Ah si, il deplorabile e malevolo Trump. Un candidato repubblicano che per primo si è espresso in maniera favorevole ad un sistema pubblico di assistenza sociale nella sanità. 
Un candidato alla Casa Bianca che ha condannato senza se e senza ma la sciagurata avventura iraqena, anteprima dello scenario disastrato a cui assistiamo in Medio Oriente.
Un candidato alla presidenza degli Stati Uniti che ha ammesso il ruolo ambiguo giocato dalla NATO nella “rivoluzione libica” e le responsabilità innegabili di Washington nell'avanzata del salafismo tafkirita in Siria, Libia ed Iraq.

Contro di lui una donna che di questi crimini è stata indiscussa protagonista, facendo di tali abiezioni quasi un vanto.
Una donna che ha rivoltato contro Donald Trump le sue proposte di pacificazione con Mosca come “propaganda russa”, arrivando persino a definire il proprio avversario “marionetta di Putin”.
Una donna che durante un dibattito presidenziale, di fronte a milioni di spettatori in tutto il mondo, si è espressa favorevolmente ad un aborto tardivo fino all'ottavo mese di gravidanza.

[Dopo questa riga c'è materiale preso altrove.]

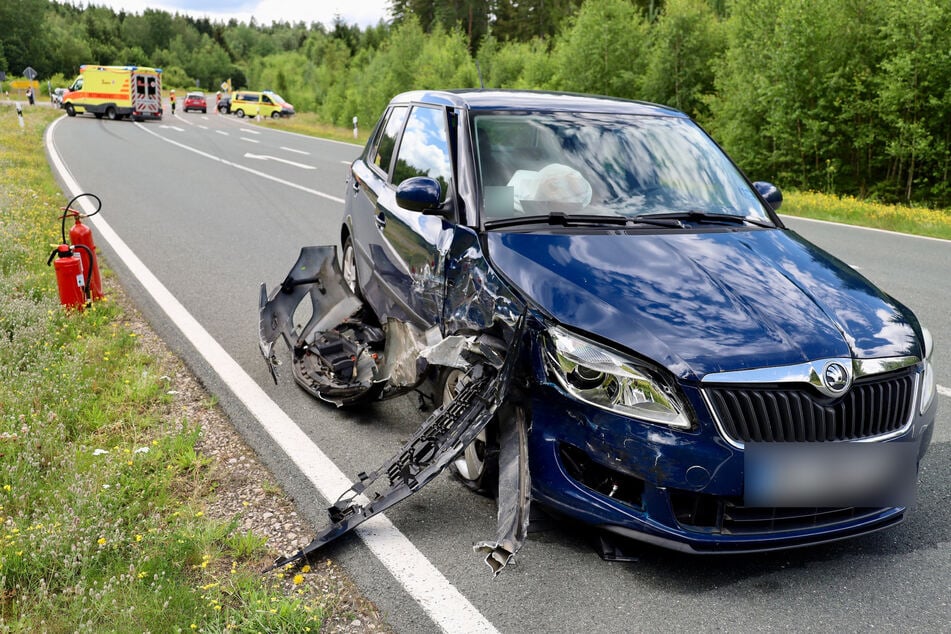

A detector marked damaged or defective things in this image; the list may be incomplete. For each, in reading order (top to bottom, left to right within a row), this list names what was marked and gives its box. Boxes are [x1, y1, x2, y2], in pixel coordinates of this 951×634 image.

damaged blue hatchback [260, 90, 936, 572] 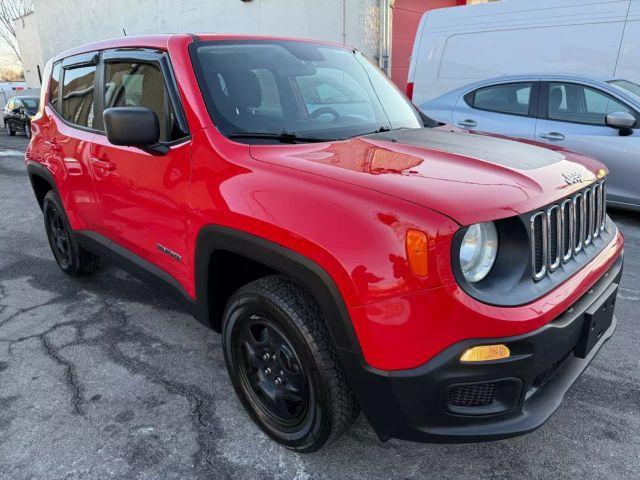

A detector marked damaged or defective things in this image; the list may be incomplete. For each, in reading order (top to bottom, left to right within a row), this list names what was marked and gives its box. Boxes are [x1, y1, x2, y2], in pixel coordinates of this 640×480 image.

Insomma, ogni persona di buon senso può fare le dovute considerazioni rispetto al quadro finora espresso. Tuttavia, io avevo taciuto. Quasi a voler anche questa volta glissare l'endorsement, forse per l'orgoglio di non dover “tapparmi il naso” come solitamente faccio al momento della chiamata alle urne.

Ma la premura di taluni intellettuali nostrani ed esteri, di artisti pop di valore dubbio fino ad arrivare a Robert De Niro, tutti sommamente preoccupati del “sessismo”, della demagogia, delle offese vere o presunte che un cittadino occidentale proietta sulla narcistica percezione di se stesso... Il loro comodo sdegno piccolo borghese fare sempre più la voce grossa mentre i bambini di Aleppo vengono torturati dai “ribelli moderati” e i cristiani di Libia patiscono l'inferno in terra... Questo mi ha costretto a parlare.

E mi obbliga a rammentarvi che a dispetto dell'ironia che ciascuno di noi può aver fatto su questa bizzarra campagna elettorale, il voto di domani rappresenta una scelta drammaticamente ineluttabile: “Trump o l'abisso”.
Perché se questo clown paffuto non la scampa, il futuro sarà molto tetro e non solo per i cittadini d'Oltreoceano ma per tutti noi. Ricordatevene perché, di quanto detto o omesso in queste ultime ore sarete chiamati a testimoni. Lo saremo tutti.